Record extracts ::
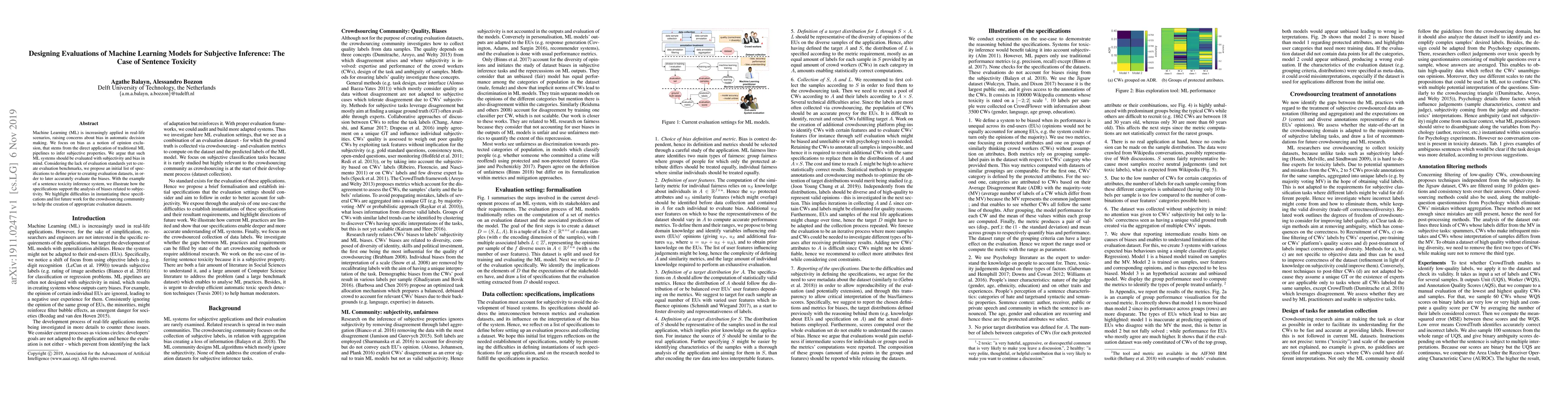 Thumbnail for Designing Evaluations of Machine Learning Models for Subjective
  Inference: The Case of Sentence Toxicity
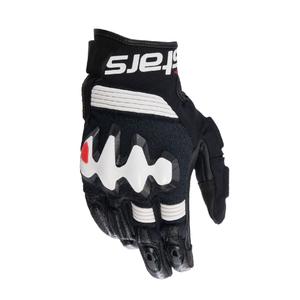 Mănuși moto Alpinestars Halo alb-negru
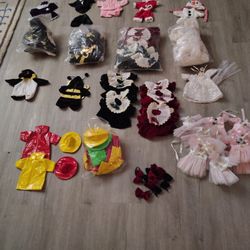 Variety Of Beanie Baby Clothes 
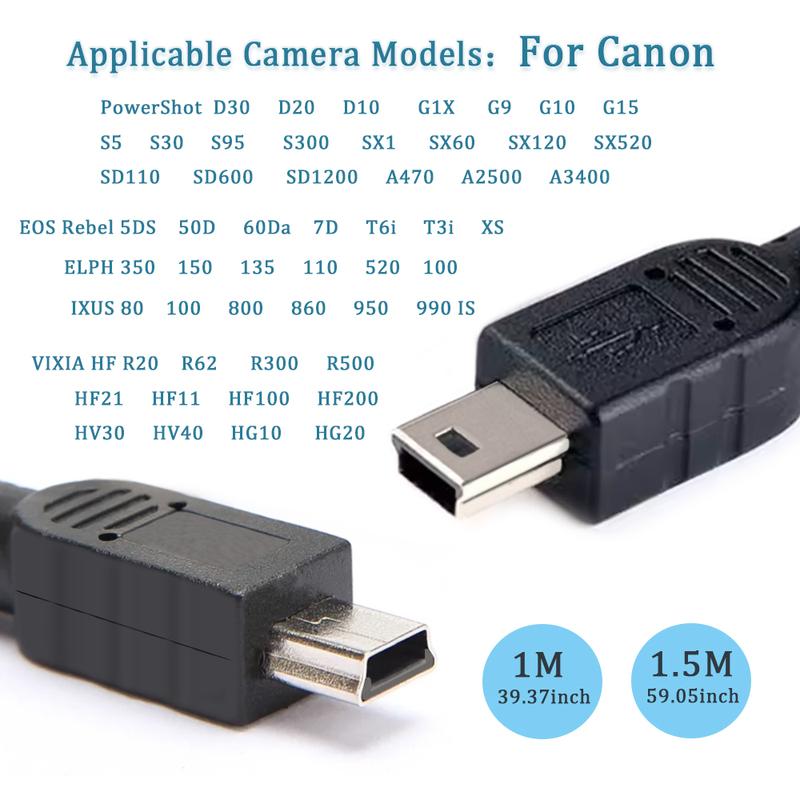 Mini USB Cable,Standard USB To Mini Charger Cord Durable Compatible PS3 Controller,MP3 Player,Camera,Dash Cam,Garmin GPS,Hero 3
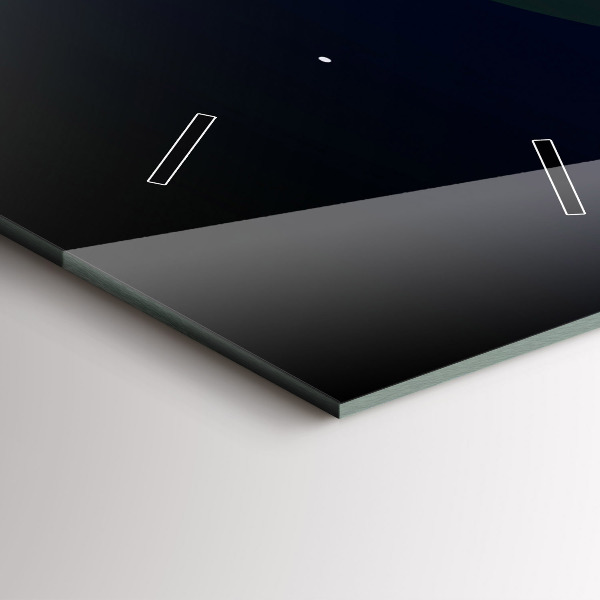 Reloj de vidrio vertical Ciudad del ciberespacio - espejomat.es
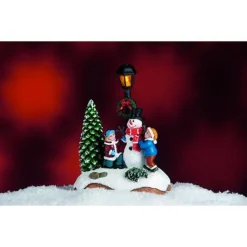 PAESAGGIO STATUETTE TEMA NATALIZIO DA 12,5 CM CON LUCE A LED VARI MODELLI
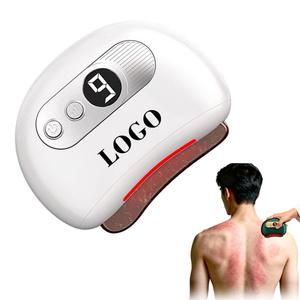 0728 Mini Masajeador de Espalda Portátil, Dispositivo de Vibración para el Cuidado de la Salud, Gua Sha de Piedra Bian de Calidad - Product Image 2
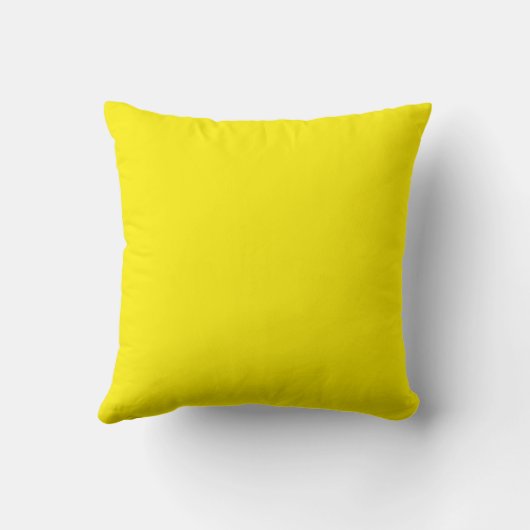 Yellow Throw Pillow with Thank You Text クッション (裏面)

To do ::
Print the complete listing exactly as it stands, without its pictures.

Solution to the problem ::
 Thumbnail for Designing Evaluations of Machine Learning Models for Subjective
  Inference: The Case of Sentence Toxicity
 Mănuși moto Alpinestars Halo alb-negru
 Variety Of Beanie Baby Clothes 
 Mini USB Cable,Standard USB To Mini Charger Cord Durable Compatible PS3 Controller,MP3 Player,Camera,Dash Cam,Garmin GPS,Hero 3
 Reloj de vidrio vertical Ciudad del ciberespacio - espejomat.es
 PAESAGGIO STATUETTE TEMA NATALIZIO DA 12,5 CM CON LUCE A LED VARI MODELLI
 0728 Mini Masajeador de Espalda Portátil, Dispositivo de Vibración para el Cuidado de la Salud, Gua Sha de Piedra Bian de Calidad - Product Image 2
 Yellow Throw Pillow with Thank You Text クッション (裏面)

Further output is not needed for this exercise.